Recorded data
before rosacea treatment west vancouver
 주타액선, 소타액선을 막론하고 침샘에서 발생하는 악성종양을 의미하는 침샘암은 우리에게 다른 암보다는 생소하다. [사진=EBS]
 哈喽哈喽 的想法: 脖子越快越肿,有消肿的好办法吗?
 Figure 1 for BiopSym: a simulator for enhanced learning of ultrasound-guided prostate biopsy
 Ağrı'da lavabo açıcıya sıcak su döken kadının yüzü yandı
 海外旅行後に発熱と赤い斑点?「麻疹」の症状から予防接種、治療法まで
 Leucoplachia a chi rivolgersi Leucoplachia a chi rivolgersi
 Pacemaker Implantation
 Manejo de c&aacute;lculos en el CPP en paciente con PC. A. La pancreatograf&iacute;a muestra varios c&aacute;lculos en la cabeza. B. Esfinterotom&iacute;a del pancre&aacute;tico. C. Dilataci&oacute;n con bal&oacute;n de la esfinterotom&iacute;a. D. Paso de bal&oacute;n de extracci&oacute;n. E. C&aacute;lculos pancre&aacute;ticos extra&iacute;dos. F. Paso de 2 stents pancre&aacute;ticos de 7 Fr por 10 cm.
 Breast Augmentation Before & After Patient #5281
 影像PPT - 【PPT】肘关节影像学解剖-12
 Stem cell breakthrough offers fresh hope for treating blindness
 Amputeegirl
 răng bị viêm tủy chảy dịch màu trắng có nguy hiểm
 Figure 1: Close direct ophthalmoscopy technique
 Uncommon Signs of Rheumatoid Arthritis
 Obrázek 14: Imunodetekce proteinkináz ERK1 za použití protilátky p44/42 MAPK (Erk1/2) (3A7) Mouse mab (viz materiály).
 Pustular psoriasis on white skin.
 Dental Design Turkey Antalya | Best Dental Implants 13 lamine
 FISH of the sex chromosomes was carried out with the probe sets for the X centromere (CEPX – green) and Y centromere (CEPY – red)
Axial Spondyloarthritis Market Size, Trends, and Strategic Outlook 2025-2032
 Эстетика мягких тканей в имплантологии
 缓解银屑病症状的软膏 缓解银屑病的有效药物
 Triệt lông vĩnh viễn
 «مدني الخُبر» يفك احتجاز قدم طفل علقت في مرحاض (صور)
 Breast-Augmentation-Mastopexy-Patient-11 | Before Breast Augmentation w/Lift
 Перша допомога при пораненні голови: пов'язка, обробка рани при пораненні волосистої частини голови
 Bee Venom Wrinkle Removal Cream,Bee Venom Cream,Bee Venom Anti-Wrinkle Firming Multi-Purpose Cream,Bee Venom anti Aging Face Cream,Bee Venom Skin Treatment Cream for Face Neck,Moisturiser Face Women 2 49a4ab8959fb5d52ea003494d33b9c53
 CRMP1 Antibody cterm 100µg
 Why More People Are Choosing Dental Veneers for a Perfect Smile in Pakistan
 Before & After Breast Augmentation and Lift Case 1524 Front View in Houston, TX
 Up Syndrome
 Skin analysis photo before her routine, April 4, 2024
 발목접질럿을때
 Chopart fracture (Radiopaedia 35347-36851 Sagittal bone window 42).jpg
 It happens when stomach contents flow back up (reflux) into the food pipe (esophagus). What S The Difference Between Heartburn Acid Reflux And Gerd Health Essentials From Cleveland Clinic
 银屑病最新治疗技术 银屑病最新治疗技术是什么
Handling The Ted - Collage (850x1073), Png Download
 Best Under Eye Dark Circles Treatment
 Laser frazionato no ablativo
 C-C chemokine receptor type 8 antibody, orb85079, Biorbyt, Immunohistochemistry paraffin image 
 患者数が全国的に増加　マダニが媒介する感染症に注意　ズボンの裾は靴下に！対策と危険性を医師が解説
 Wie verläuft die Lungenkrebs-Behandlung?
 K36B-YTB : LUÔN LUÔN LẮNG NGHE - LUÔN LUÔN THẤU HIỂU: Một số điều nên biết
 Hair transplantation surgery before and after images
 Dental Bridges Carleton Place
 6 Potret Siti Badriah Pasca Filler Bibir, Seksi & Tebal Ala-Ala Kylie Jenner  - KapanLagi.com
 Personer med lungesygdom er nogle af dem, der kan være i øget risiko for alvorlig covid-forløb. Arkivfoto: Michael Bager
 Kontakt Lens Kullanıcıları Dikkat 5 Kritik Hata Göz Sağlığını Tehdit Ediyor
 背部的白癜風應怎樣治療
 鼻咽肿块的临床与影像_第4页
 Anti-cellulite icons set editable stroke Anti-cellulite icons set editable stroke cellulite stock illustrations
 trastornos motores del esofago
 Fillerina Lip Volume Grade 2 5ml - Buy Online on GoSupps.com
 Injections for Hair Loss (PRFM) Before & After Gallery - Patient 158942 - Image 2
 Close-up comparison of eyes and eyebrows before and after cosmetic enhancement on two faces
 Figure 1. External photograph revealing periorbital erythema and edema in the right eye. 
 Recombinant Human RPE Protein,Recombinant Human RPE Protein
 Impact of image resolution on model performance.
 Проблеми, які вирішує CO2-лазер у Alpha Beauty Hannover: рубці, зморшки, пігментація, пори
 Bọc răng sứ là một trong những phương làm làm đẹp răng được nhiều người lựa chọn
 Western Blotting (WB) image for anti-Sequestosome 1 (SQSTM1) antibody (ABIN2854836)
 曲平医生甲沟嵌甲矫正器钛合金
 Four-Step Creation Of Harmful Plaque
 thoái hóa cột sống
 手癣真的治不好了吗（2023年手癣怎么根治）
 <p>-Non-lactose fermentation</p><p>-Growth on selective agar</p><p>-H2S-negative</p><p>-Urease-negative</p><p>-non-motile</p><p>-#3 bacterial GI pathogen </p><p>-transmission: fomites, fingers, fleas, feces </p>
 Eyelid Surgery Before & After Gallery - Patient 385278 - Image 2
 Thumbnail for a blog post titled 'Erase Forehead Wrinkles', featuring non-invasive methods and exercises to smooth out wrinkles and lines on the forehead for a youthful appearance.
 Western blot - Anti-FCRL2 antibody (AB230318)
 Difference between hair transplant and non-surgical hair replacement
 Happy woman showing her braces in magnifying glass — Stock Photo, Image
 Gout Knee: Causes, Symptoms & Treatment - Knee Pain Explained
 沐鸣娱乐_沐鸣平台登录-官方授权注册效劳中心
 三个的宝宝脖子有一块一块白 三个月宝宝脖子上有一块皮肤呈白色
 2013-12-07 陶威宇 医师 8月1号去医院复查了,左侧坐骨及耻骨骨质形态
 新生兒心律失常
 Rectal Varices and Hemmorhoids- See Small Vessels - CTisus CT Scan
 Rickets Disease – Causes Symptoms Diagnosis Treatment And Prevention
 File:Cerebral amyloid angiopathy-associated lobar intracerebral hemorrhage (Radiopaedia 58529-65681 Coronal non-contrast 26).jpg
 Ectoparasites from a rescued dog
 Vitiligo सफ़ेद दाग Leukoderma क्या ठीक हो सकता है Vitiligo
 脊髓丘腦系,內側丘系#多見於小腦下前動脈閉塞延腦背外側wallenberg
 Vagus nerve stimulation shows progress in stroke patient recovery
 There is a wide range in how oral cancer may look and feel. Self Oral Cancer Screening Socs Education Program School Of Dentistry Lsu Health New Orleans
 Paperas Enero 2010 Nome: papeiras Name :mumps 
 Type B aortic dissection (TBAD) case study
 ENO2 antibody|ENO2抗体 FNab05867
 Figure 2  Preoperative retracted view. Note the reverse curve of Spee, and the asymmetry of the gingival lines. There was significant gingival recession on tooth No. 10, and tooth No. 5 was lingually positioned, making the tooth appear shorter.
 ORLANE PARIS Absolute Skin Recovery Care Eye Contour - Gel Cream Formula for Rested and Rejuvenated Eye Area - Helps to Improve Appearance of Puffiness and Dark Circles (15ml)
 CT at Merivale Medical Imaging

• _EXERCISE GOAL_: Given the records above, restate word for word only the lines starting at the one with "Hair transplantation surgery" and ending at the one with "6 Potret Siti".

• _OUTPUT OF THE EXERCISE_:
 Hair transplantation surgery before and after images
 Dental Bridges Carleton Place
 6 Potret Siti Badriah Pasca Filler Bibir, Seksi & Tebal Ala-Ala Kylie Jenner  - KapanLagi.com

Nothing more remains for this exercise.